**AIM OF THE EXERCISE:** Each line from the one containing "Interlocking mechanical gears" to the end of the entries below is to be set down exactly; the pictures are not.

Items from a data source
------------------------------

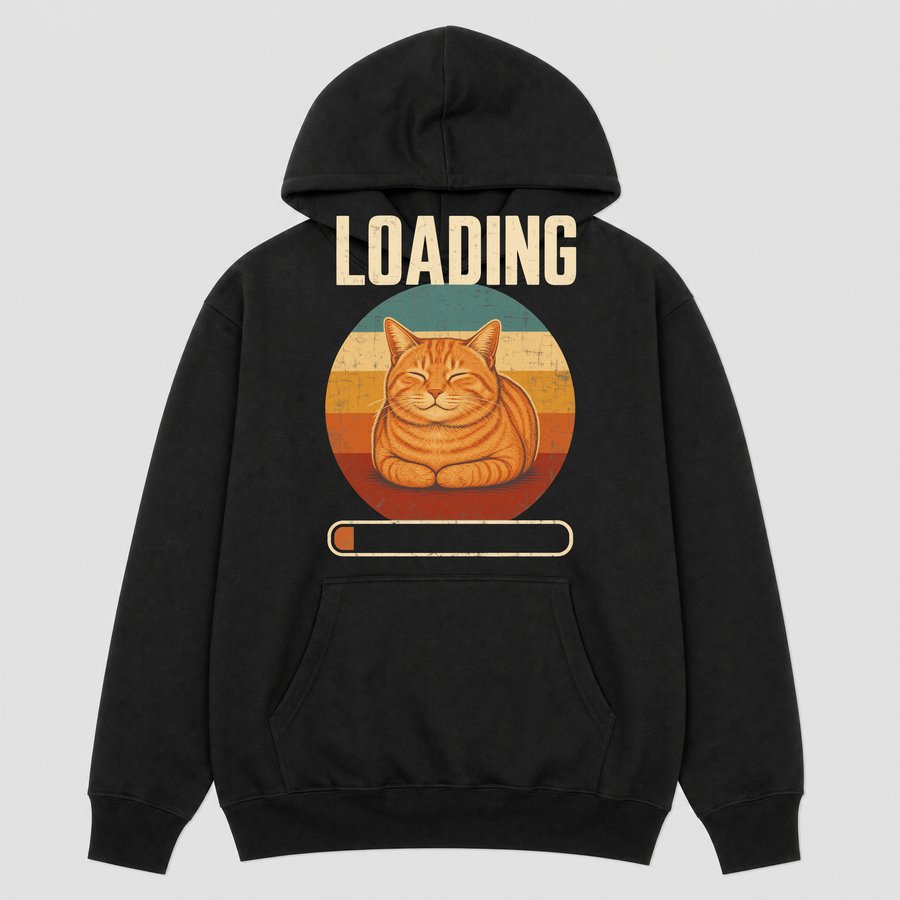 Loading Cat Loaf Mode Lazy Cat Retro — funny cat hoodie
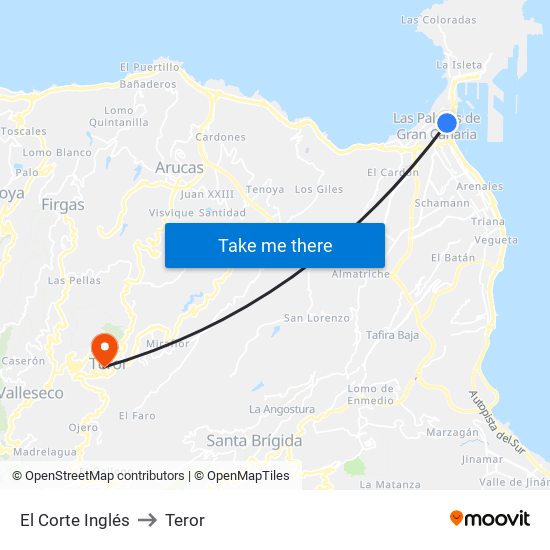 El Corte Inglés to Teror map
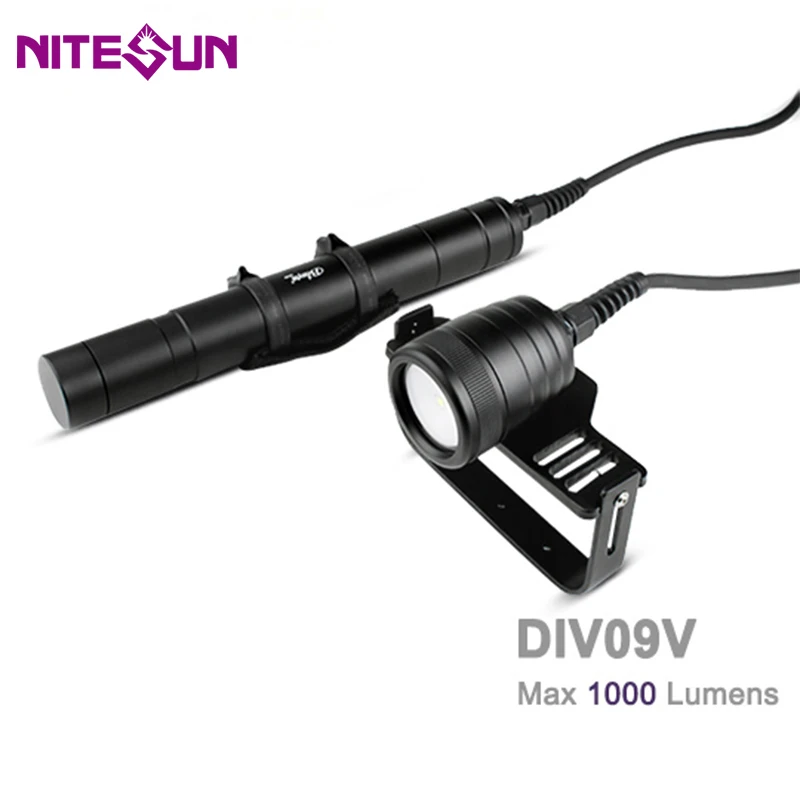 NITESUN DIV09V Дайвинг Фонарь для телефона CREE XM-L2(U4) 6500K светодиодный Макс 1000 люмен подводный 150 м Водонепроницаемый Подводное плавание свет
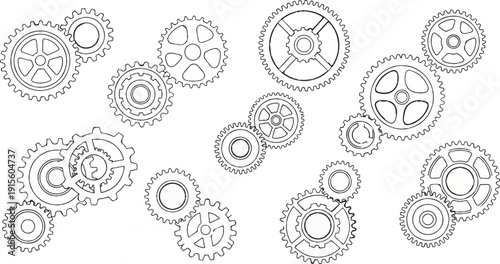 Interlocking mechanical gears form a complex industrial pattern on a white background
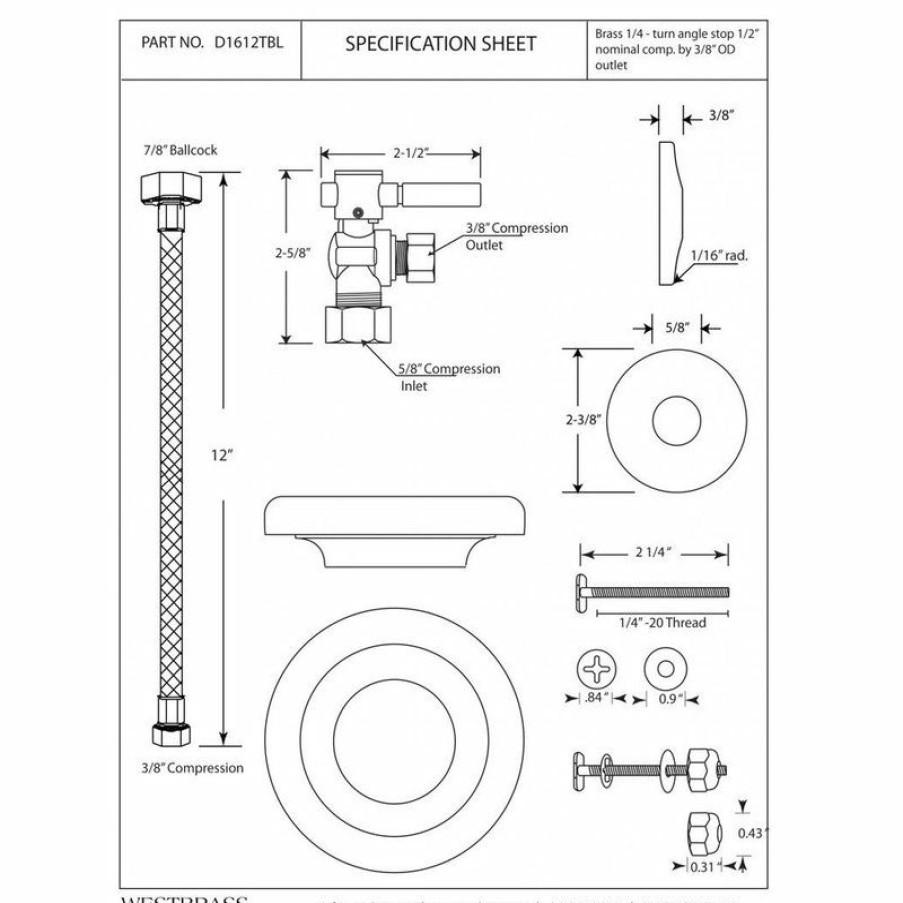 Bathroom Fixture Parts * | Top 10 Westbrass Toilet Kit With 1/4-Turn Stop And Wax Ring Lever Handle In Polished Chrome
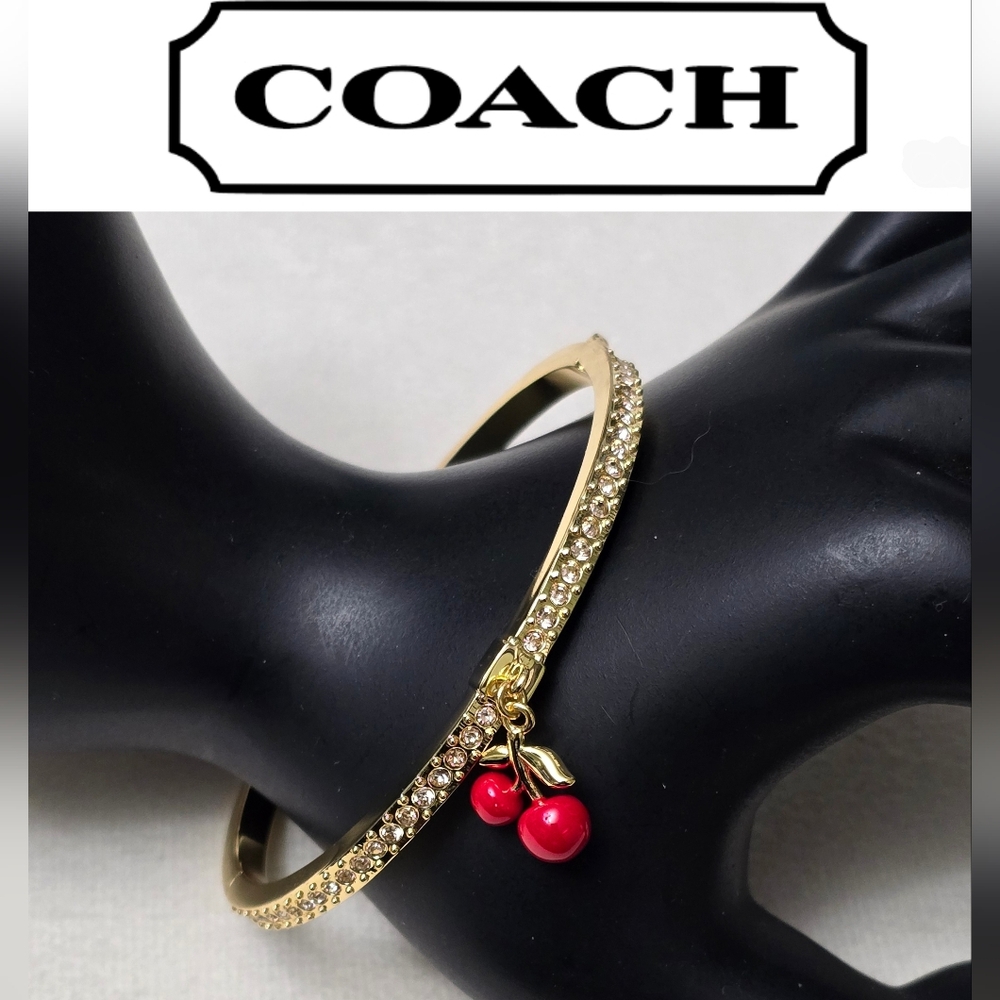 Coach Cherry Cluster Charm Bangle Bracelet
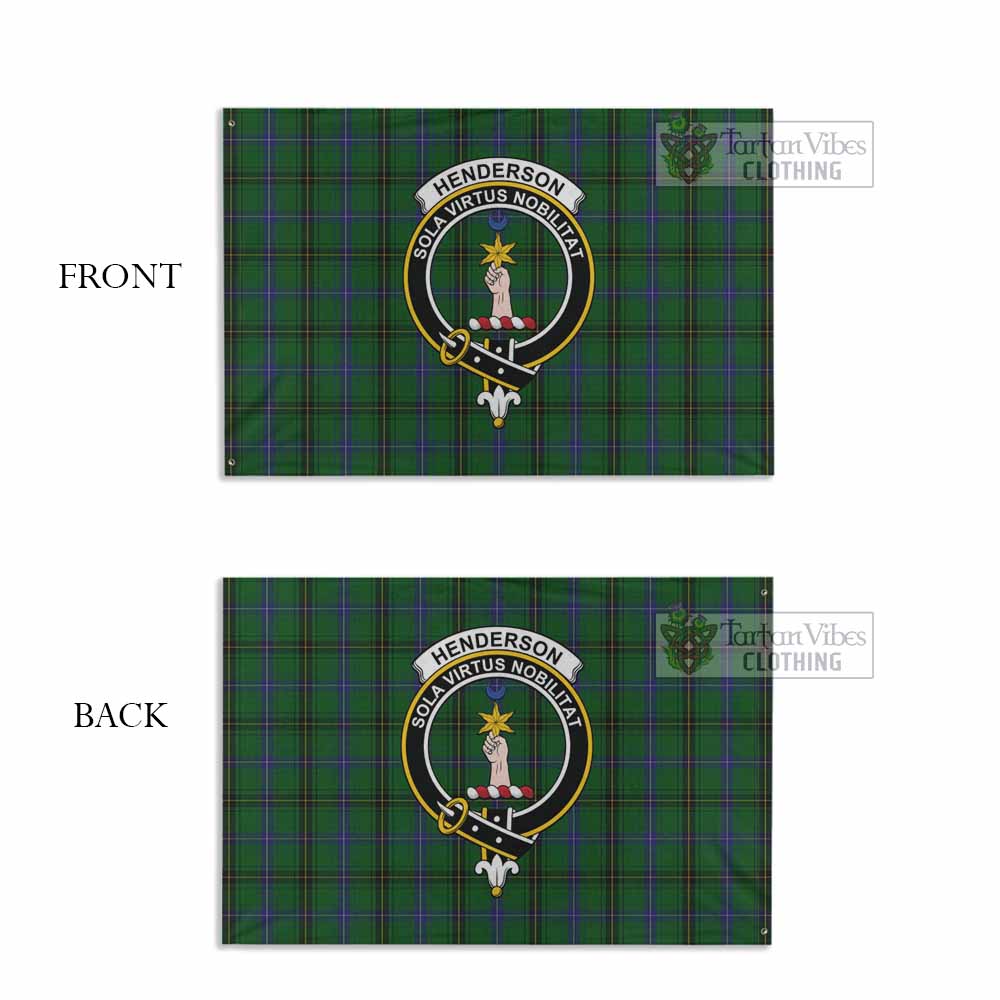 Tartan Vibes Clothing Henderson Tartan House Flag with Family Crest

------------------------------

**SOLUTION TO THIS PROBLEM:**
 Interlocking mechanical gears form a complex industrial pattern on a white background
 Bathroom Fixture Parts * | Top 10 Westbrass Toilet Kit With 1/4-Turn Stop And Wax Ring Lever Handle In Polished Chrome
 Coach Cherry Cluster Charm Bangle Bracelet
 Tartan Vibes Clothing Henderson Tartan House Flag with Family Crest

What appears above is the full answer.